Cationic Cyclometalated Iridium Luminophores: Photophysical, Redox, and Structural Characterization

Abstract

The photophysical and electrochemical properties of a series of cationic cyclometalated Ir(III) complexes is reported. The complexes are of general formula [Ir(ppy)2(R,R‘-bpy)]+(1−5; PF6- as counterion) where ppy = 2-phenylpyridinato anion. Complexes 1−3 contain asymmetric bpy ligands with R and R‘ substituents in the 6‘ and 4‘ positions, while complexes 4 and 5 bear bpy ligands symmetrically substituted in the 4 and 4‘ positions. Complex 5 was structurally characterized by single-crystal X-ray crystallography, revealing a cis arrangement of the metalated C atoms of the ppy ligands. All the species exhibit strong absorption in the UV region, due to spin-allowed ligand-centered (LC) transitions, and moderately intense bands in the visible region, due to charge transfer (CT) transitions. Several redox processes have been evidenced in each complex and assigned to specific components. The complexes also exhibit relatively strong and long-lived (from 10-8 to 10-5 s, depending on temperature and matrix) luminescence, in all the experimental conditions used (acetonitrile solution and spin-coated films at 298 K; butyronitrile rigid matrix at 77 K). The substituents of the polypyridine ligands affect in a substantial way the redox and photophysical properties of the compounds.
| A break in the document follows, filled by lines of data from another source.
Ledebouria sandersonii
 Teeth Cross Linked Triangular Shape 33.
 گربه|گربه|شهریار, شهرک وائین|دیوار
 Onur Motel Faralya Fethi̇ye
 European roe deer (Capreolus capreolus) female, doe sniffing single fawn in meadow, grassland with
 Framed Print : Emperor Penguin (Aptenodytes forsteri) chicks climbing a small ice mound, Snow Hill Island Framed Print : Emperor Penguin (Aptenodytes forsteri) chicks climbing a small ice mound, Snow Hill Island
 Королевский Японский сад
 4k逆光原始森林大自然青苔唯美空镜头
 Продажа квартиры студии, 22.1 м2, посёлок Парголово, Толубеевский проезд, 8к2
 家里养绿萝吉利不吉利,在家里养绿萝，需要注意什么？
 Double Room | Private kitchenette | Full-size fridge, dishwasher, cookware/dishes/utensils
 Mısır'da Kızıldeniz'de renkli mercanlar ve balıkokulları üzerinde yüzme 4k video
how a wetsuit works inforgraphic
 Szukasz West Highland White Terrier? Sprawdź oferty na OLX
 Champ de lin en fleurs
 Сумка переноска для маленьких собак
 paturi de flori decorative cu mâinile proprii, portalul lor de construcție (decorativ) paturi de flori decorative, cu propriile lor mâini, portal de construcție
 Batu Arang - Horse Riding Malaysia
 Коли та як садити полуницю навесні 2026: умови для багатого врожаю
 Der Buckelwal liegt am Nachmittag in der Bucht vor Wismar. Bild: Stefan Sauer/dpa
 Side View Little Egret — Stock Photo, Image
In particular, a phenyl substituent on the polypyridine chelating ligand in the 6‘ position (complexes 1−3) stabilizes oxidation of an orbital which receives significant contributions from the ppy ligands and leads to emission from triplet ligand-to-ligand charge transfer (LLCT) excited states. When such a phenyl is absent in the ligand structure (complexes 4 and 5), the usual triplet metal-to-ligand charge transfer (MLCT) emission predominates.